Au sud, c’est le Pô qui pâtit dangereusement des changements dans les Alpes. Le Nord de l’Italie a connu durant l’été 2022 sa pire sécheresse depuis 70 ans. En cause, un hiver presque sans neige ni pluie, suivi d’un été caniculaire avec de violents orages. Des récoltes entières ont été perdues, le fleuve étant pratiquement à sec. «Grâce à ce cordon ombilical suffisamment abondant, il y avait en temps normal de l’eau en suffisance pour irriguer l’agriculture du grenier de l’Italie. Les sécheresses se sont répétées ces dernières années et la situation de 2022 était catastrophique», commente Martin Beniston. L’eau qui irrigue les cultures provient essentiellement du lac Majeur et du Pô.

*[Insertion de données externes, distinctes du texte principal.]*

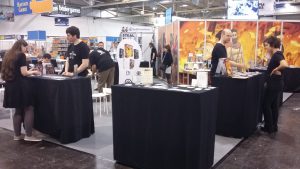 Bild: Messestand an dem Besuchern neue Spiele präsentiert werden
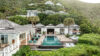 Aerial view of Villa Plumbago with infinity pool nestled in lush hills, Colombier, St Barts villa rentals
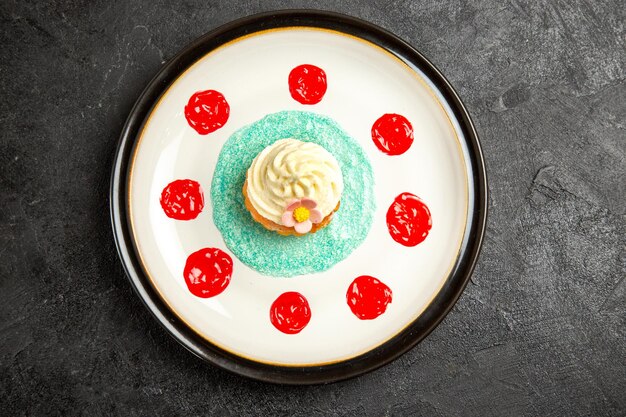 Vista superior de primer plano cupcake cupcake apetitoso con salsa roja en el plato blanco en el centro de la mesa negra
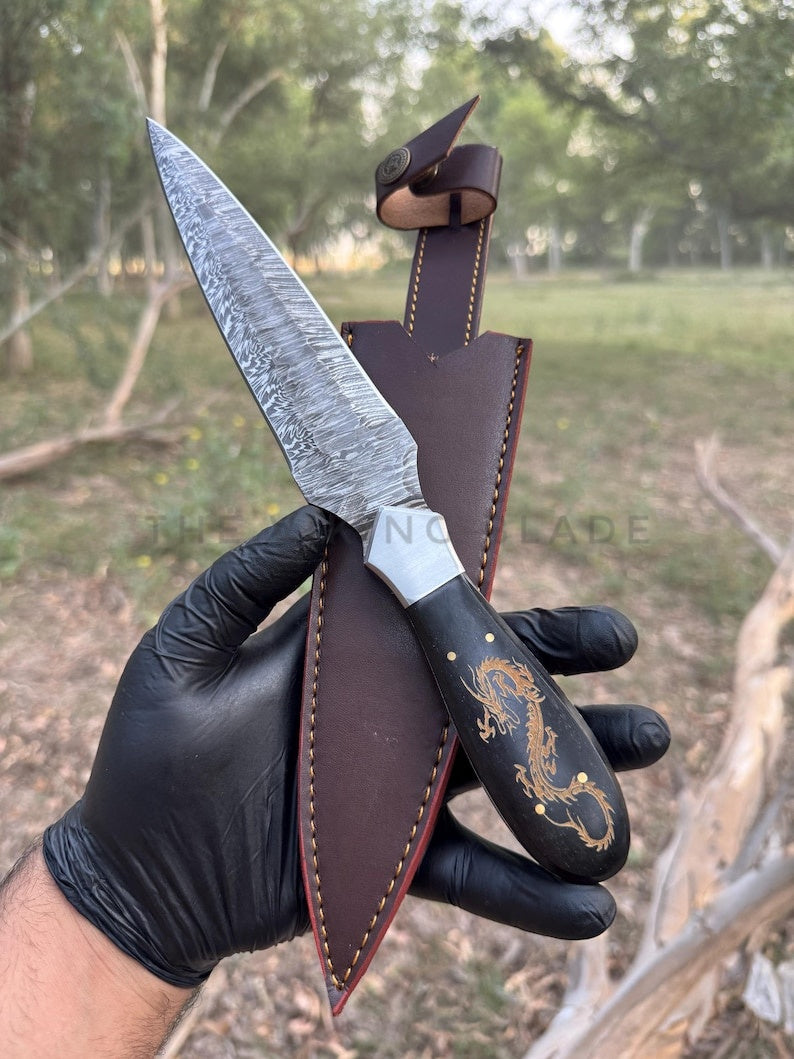 Knife with a brown leather sheath held by a gloved hand, outdoor setting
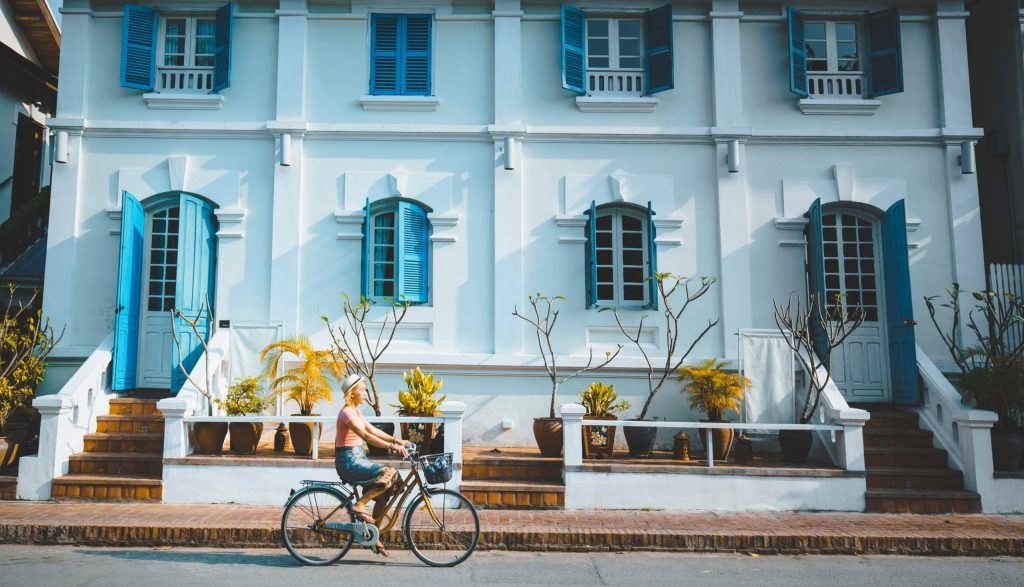 Young,Woman,Standing,With,Bicycle,In,Front,Of,Colonail,Style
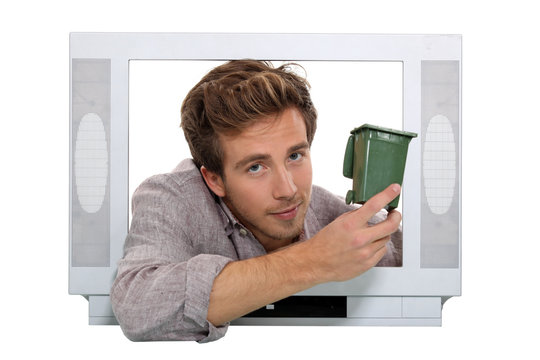 Man holding recycling bin inside television
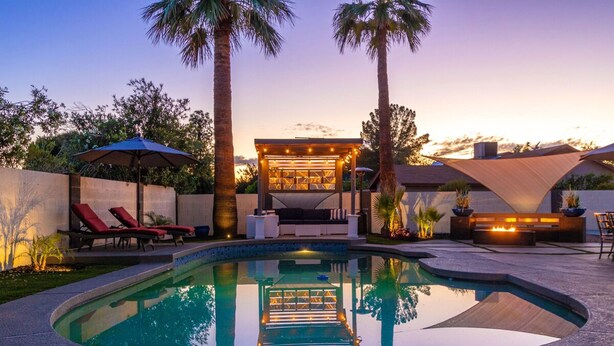 A swimming pool with lounge chairs and a fire pit area, surrounded by palm trees and a sunset sky. - Kings Lux Escape Free Htd Pool Cabana BBQ Firepit (Scottsdale)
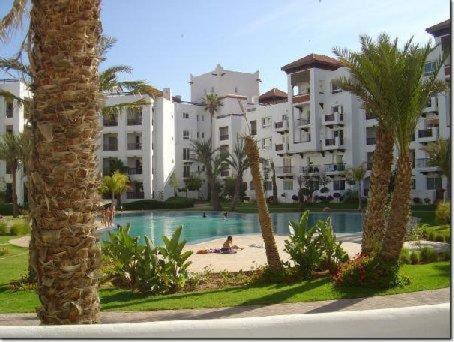 a large apartment building with a pool and palm trees at Appartement Luxe Marina Agadir in Agadir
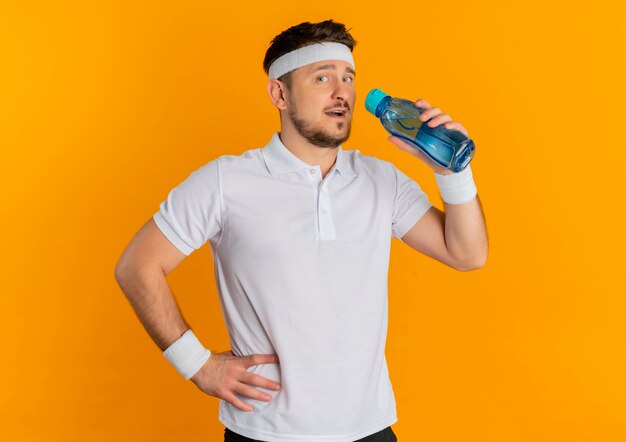 Junger Fitness-Mann im weißen Hemd mit dem Stirnband, das Flasche Wasser hält, das Kamera mit Lächeln auf Gesicht steht, das über orange Hintergrund steht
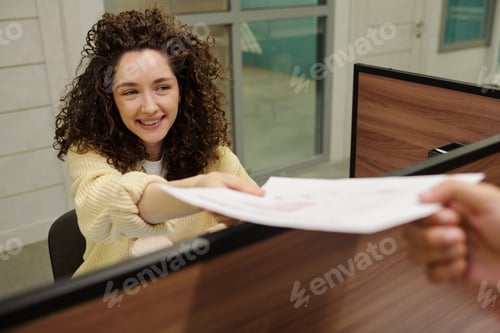Preview: Young smiling female receptionist passing document or application form to client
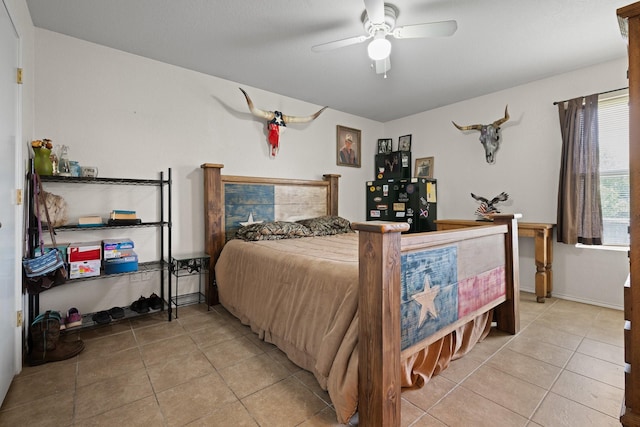 1105 Ashwood Ct, Cleburne, TX 76033 - bedroom featuring light tile patterned flooring, ceiling fan, and baseboards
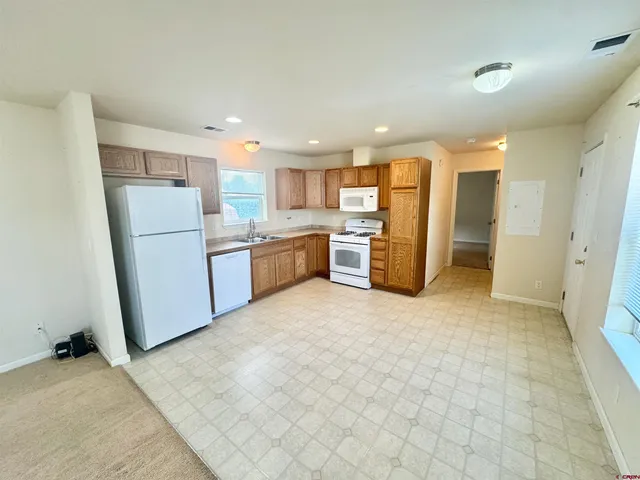 a kitchen with a refrigerator and microwave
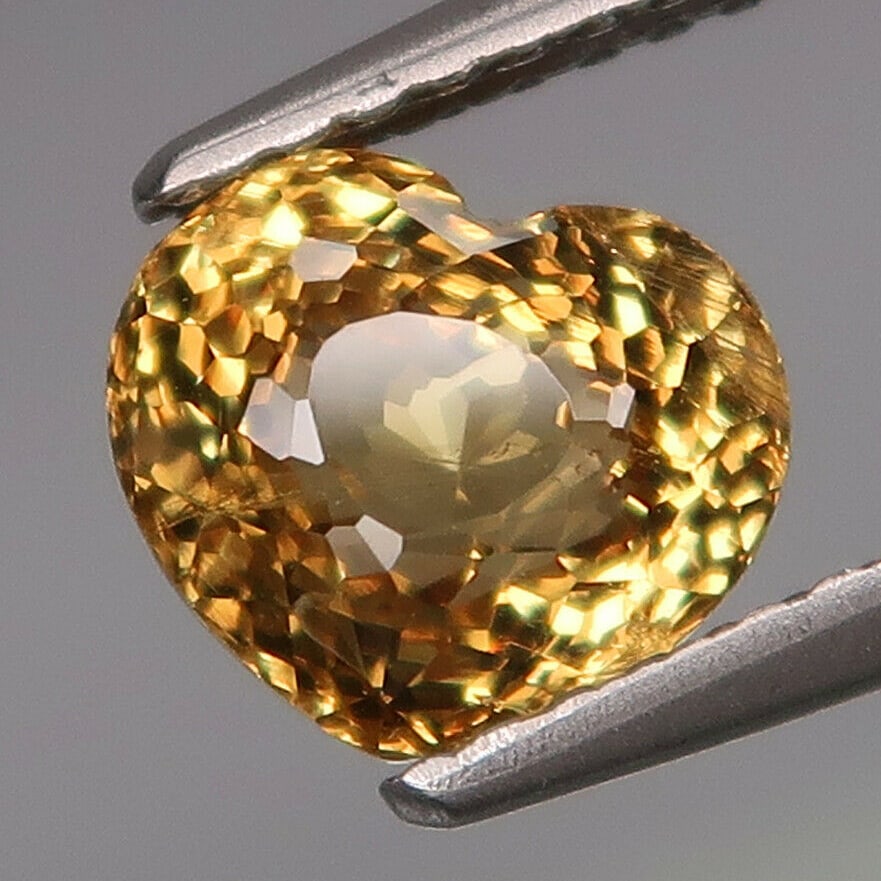 RARE IGI Cert. 1.99 ct. Natural Malaya Garnet - AFRICA: RARE IGI Certified 1.99 ct. Natural Garnet - AFRICA Color - Greyish Yellow Clarity - VS Cut - Heart Mixed cut Ct. Weight - 1.99 ct. Dimensions - 6.45 x 7.41 x 5.34 mm <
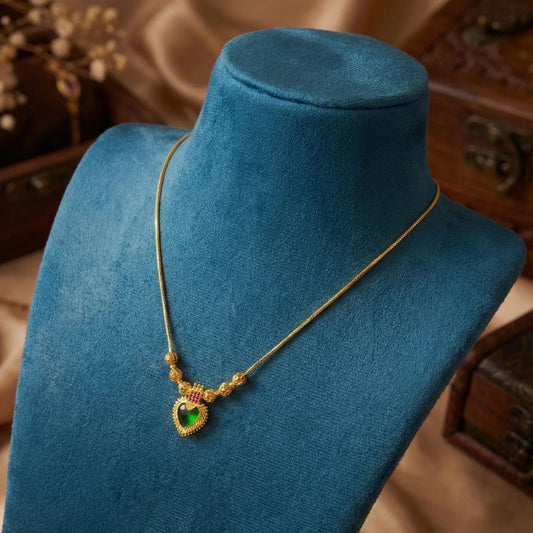 Gold Plated necklace with a green palakka pendant on a blue velvet stand.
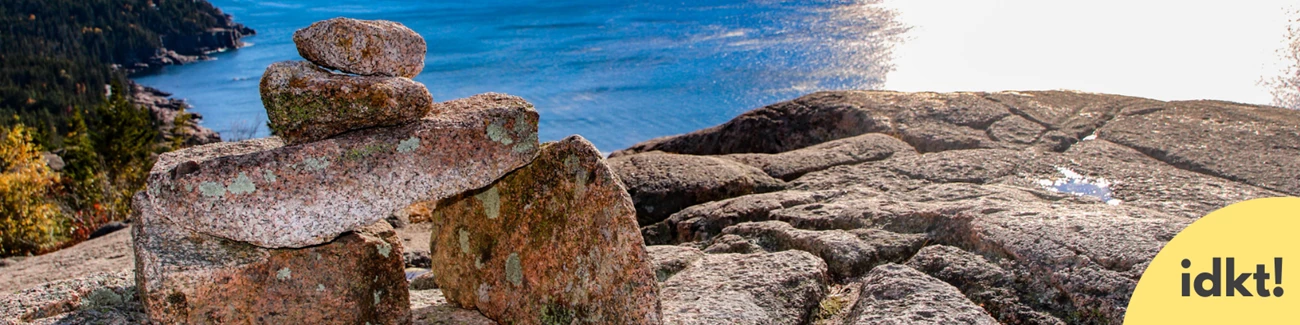 Rock Cairns a rock cairn on the edge of a cliff over the ocean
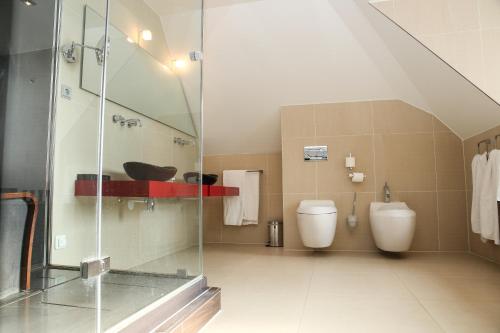 a bathroom with two toilets and a glass shower at Hotel & Spa Savarin - Rijswijk, The Hague in Rijswijk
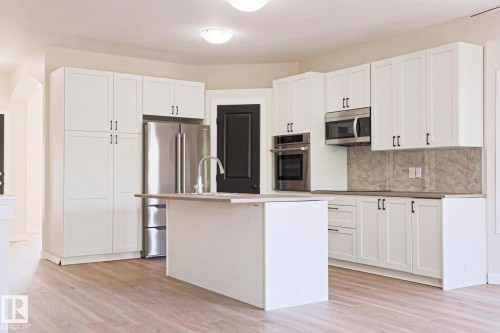 Modern kitchen featuring a central island with an integrated sink, stainless steel appliances, white shaker-style cabinetry, light wood-finish flooring, and a stone backsplash - 82 Meadowview Point(E), Sherwood Park, AB - Indoor Photo Showing Kitchen With Upgraded Kitchen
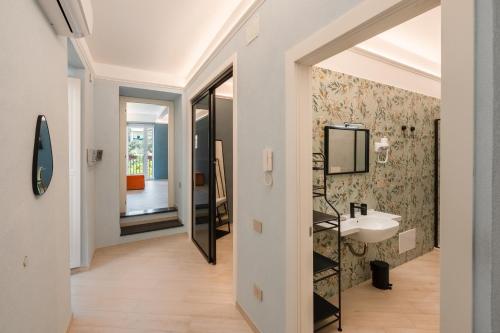 a bathroom with a sink and a mirror at Parmenide Family Apartment in Ascea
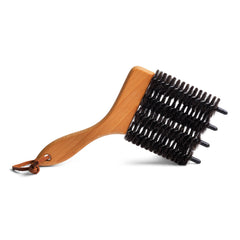 A brush designed to clean Venetian blinds made from all natural products, beechwood and goat hair, and with a handy leather strap for hanging.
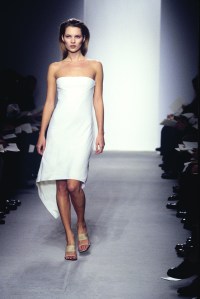 Model Kate Moss wearing Calvin Klein spring 1997 collection strapless white dress on the runway in New York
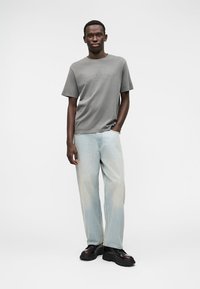 Γκρι κοντομάνικη μπλούζα με διακριτικό λογότυπο, συνδυασμένη με ανοιχτό μπλε φαρδιά τζιν και μαύρα chunky αθλητικά παπούτσια. Λείο ύφασμα.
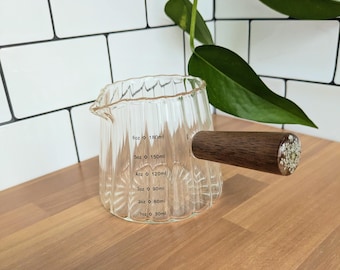 May include: A clear, ribbed glass measuring pitcher with a spout and a dark brown wooden handle. The handle features a circular end cap containing embedded white dried flowers. Measurement markings range from 1oz to 6oz and 30ml to 180ml.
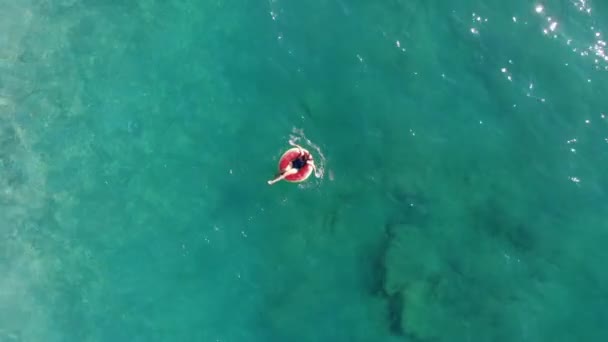 Девушка, плывущая по резиновому кольцу в море . — стоковое видео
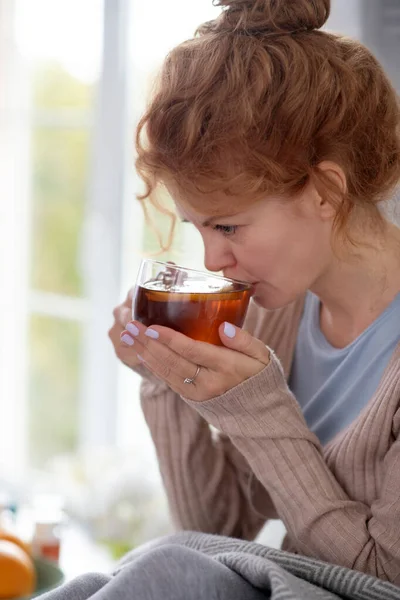 Mujer enferma bebiendo té con limón mientras tiene fuerte — Foto de Stock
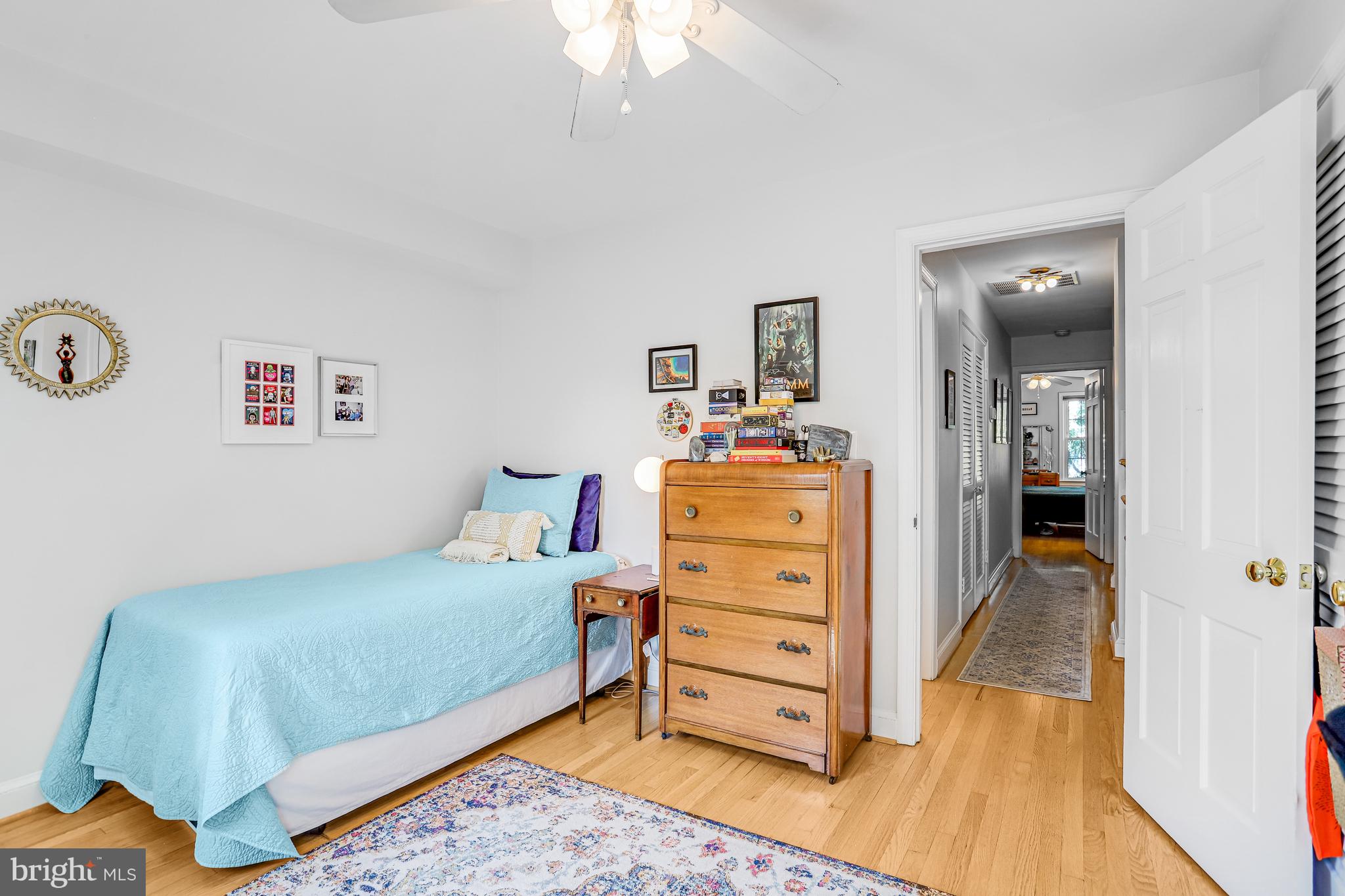 213 9th Street Southeast Washington, DC 20003 - Photo 46 of 74 a bedroom with a bed and a dresser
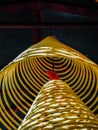 Multiple Large Yellow Incense Coils Hanging In Stacks From The Ceiling In A Chinese Temple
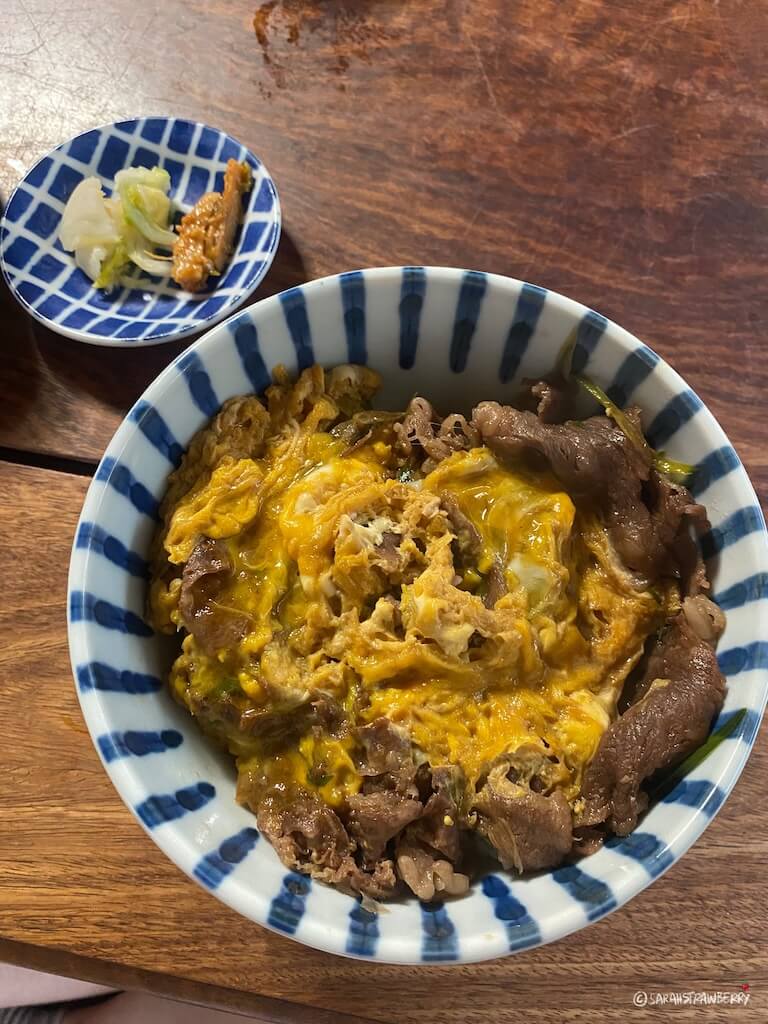 a rice bowl with beef and egg topping and cabbage pickles on the side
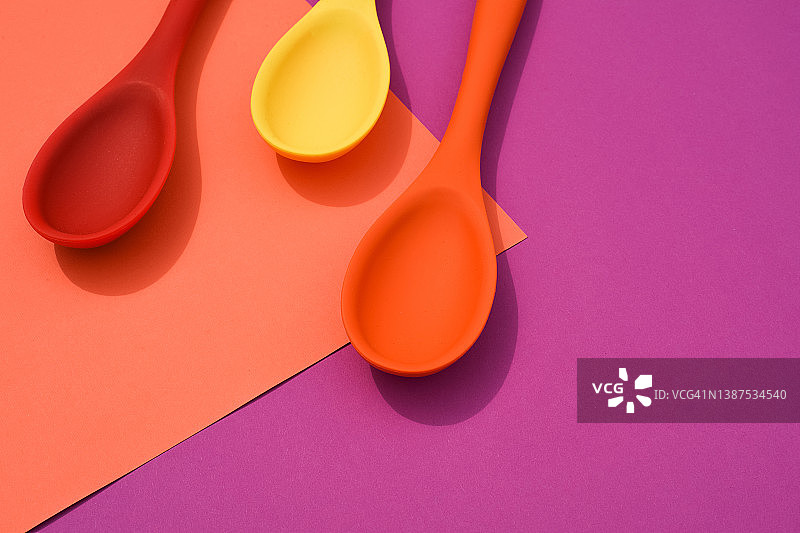 彩色硅胶勺在粉红色的背景。烹饪的背景。烹饪弗拉。美食博客。餐具。图片素材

Le manque d’or bleu engendre régulièrement des tensions entre l’Italie et la Suisse. L’année dernière, les autorités italiennes décidaient unilatéralement d’élever le niveau du lac Majeur afin d’avoir des réserves à disposition pour l’agriculture. Ni les autorités cantonales ni la Confédération n’ont été averties, ce qui a suscité l’ire du Tessin. «Si le niveau du lac est haut, la Piazza Grande de Locarno est inondée après un à deux jours de fortes pluies», souligne Bruno Storni, conseiller national tessinois. L’Italie n’a pas pu mettre son projet à exécution… par manque d’eau. Mais l’incident pourrait se reproduire cette année. L’organisme bilatéral italo-suisse créé en 2019 pour définir une nouvelle régulation du lac Majeur «n’est pas très actif», selon le socialiste.